[DATA SUPPLIED Boundary: Start]

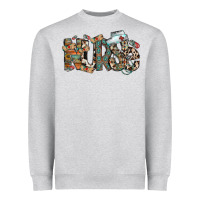 Heather Grey nurse western Heavyweight Sweatshirt - RacoonDesign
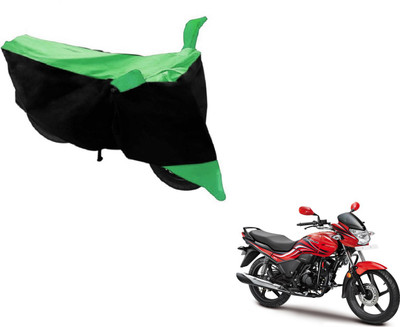 MOCKHE Two Wheeler Cover for Hero(Passion Xpro, Black, Green)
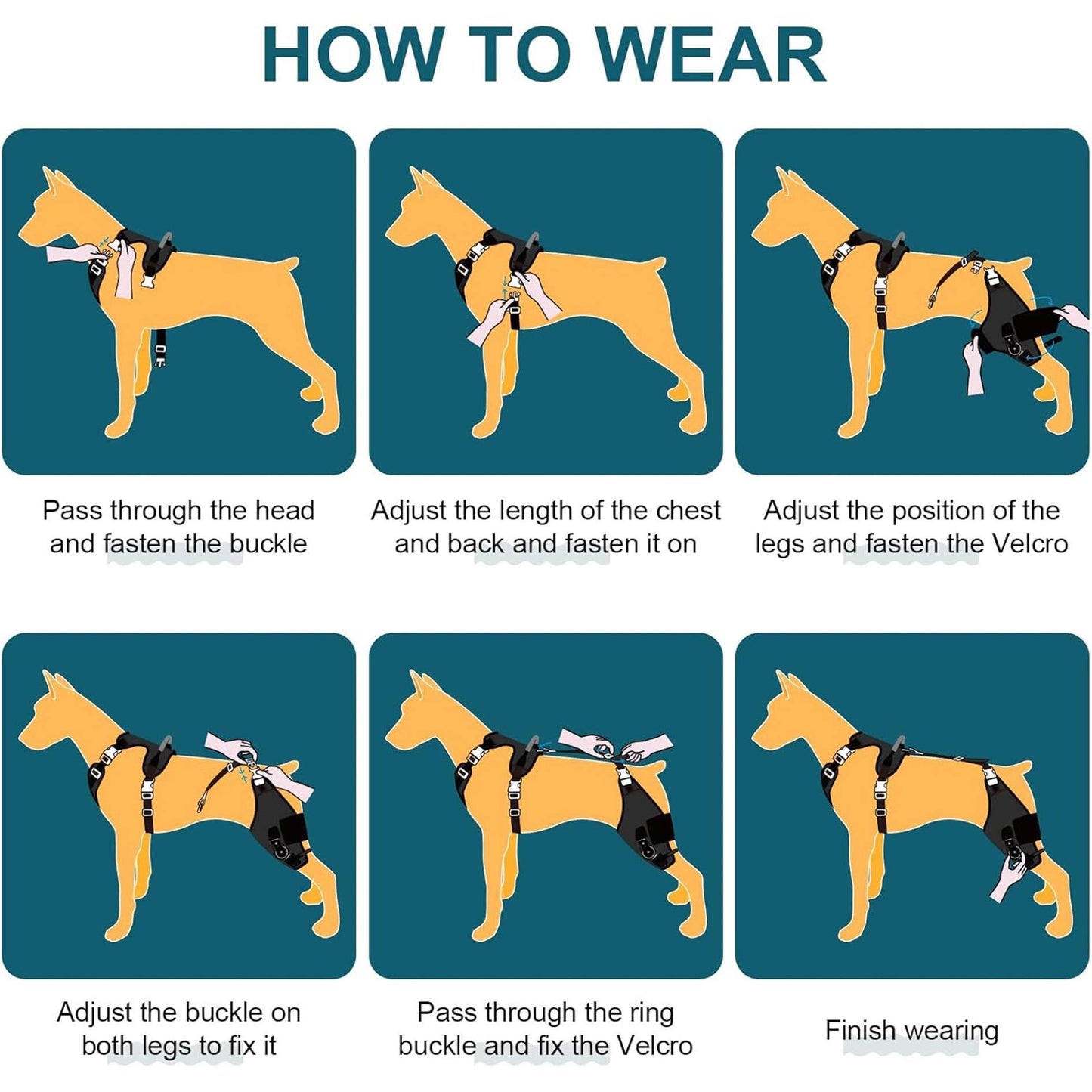 Dog Knee Brace Strap for Torn ACL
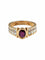 Bague 54 BAGUE FRED OR JAUNE RUBIS & DIAMANTS 58 Facettes BO/130018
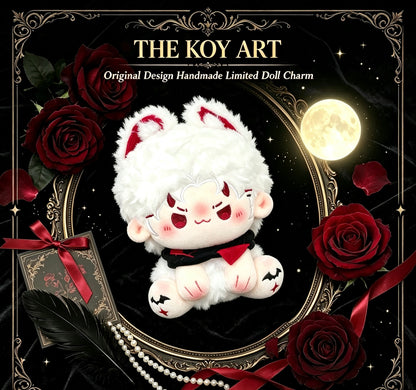 Handcrafted Original Design | THE KOY ART Plush Doll 15–18cm — Handmade Limited Edition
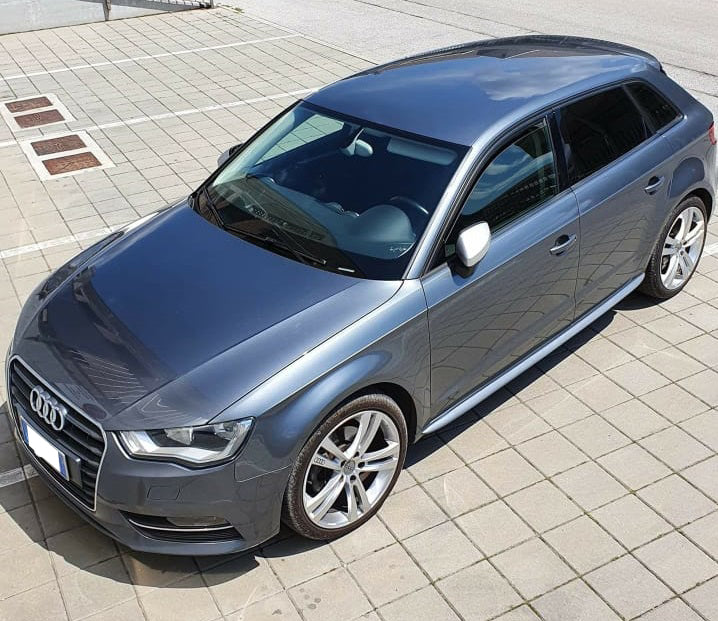 SIDE SKIRTS AUDI A3 8V 2012+ SEDAN SPORTBACK - DOOR SPOILER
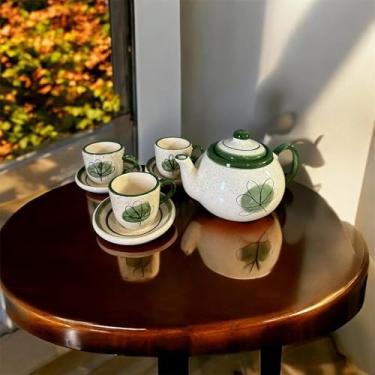 Imagem de Conjunto 3 Xícaras Com Pires e Bule Para Servir Café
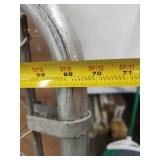 Large Chain Link Metal Gate Panel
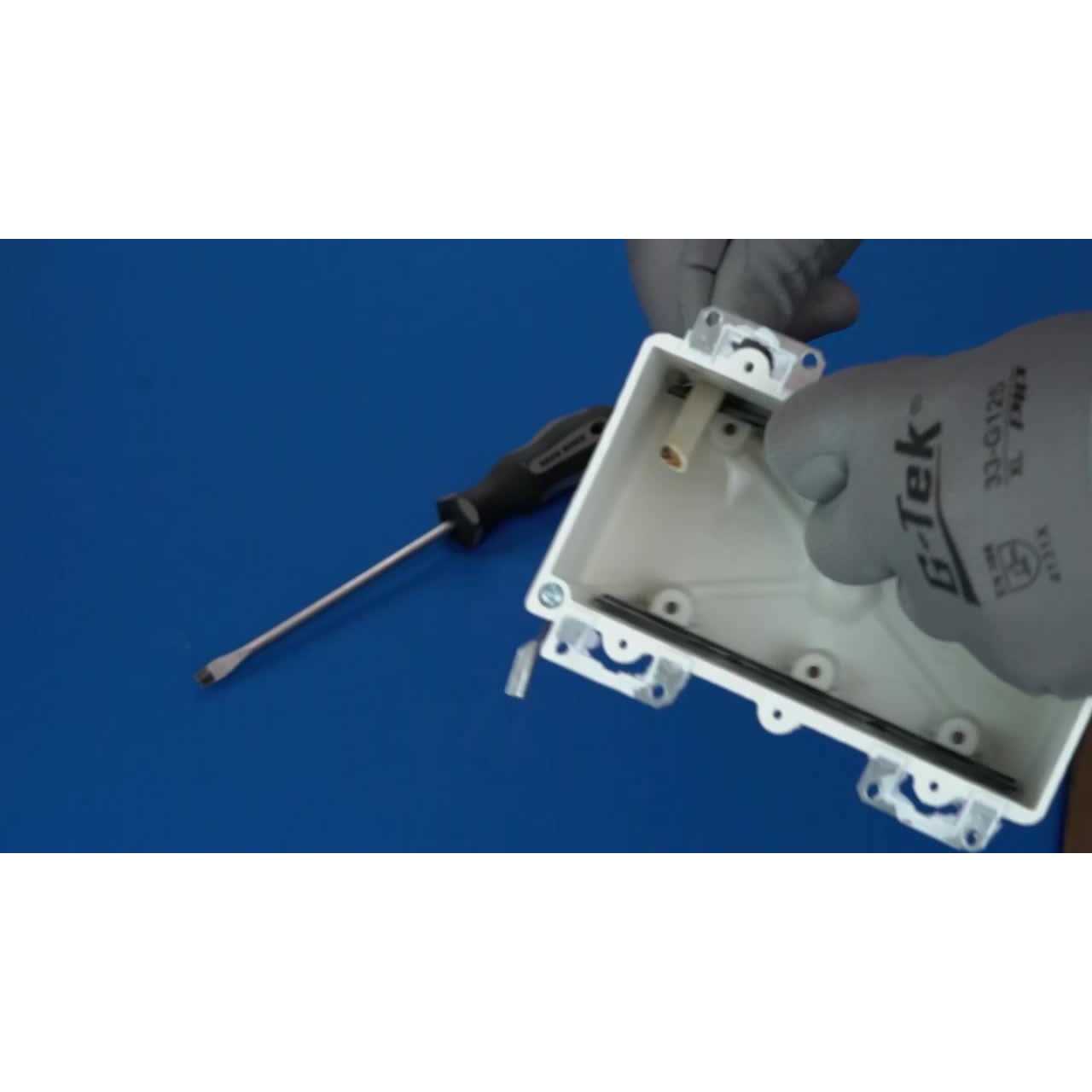 Unbranded 4 in. Dia 22-1/2 cu. in. New Work Nail on Round Outlet Box - Cheap Fitting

[DATA SUPPLIED Boundary: End]

#### TASK TO CARRY OUT:
Retype the records verbatim, excluding each image they hold.

#### RESPONSE TO THE EXERCISE:
 Heather Grey nurse western Heavyweight Sweatshirt - RacoonDesign
 MOCKHE Two Wheeler Cover for Hero(Passion Xpro, Black, Green)
 Dog Knee Brace Strap for Torn ACL
 Bague 54 BAGUE FRED OR JAUNE RUBIS & DIAMANTS 58 Facettes BO/130018
 Handcrafted Original Design | THE KOY ART Plush Doll 15–18cm — Handmade Limited Edition
 SIDE SKIRTS AUDI A3 8V 2012+ SEDAN SPORTBACK - DOOR SPOILER
 Imagem de Conjunto 3 Xícaras Com Pires e Bule Para Servir Café
 Large Chain Link Metal Gate Panel
 Unbranded 4 in. Dia 22-1/2 cu. in. New Work Nail on Round Outlet Box - Cheap Fitting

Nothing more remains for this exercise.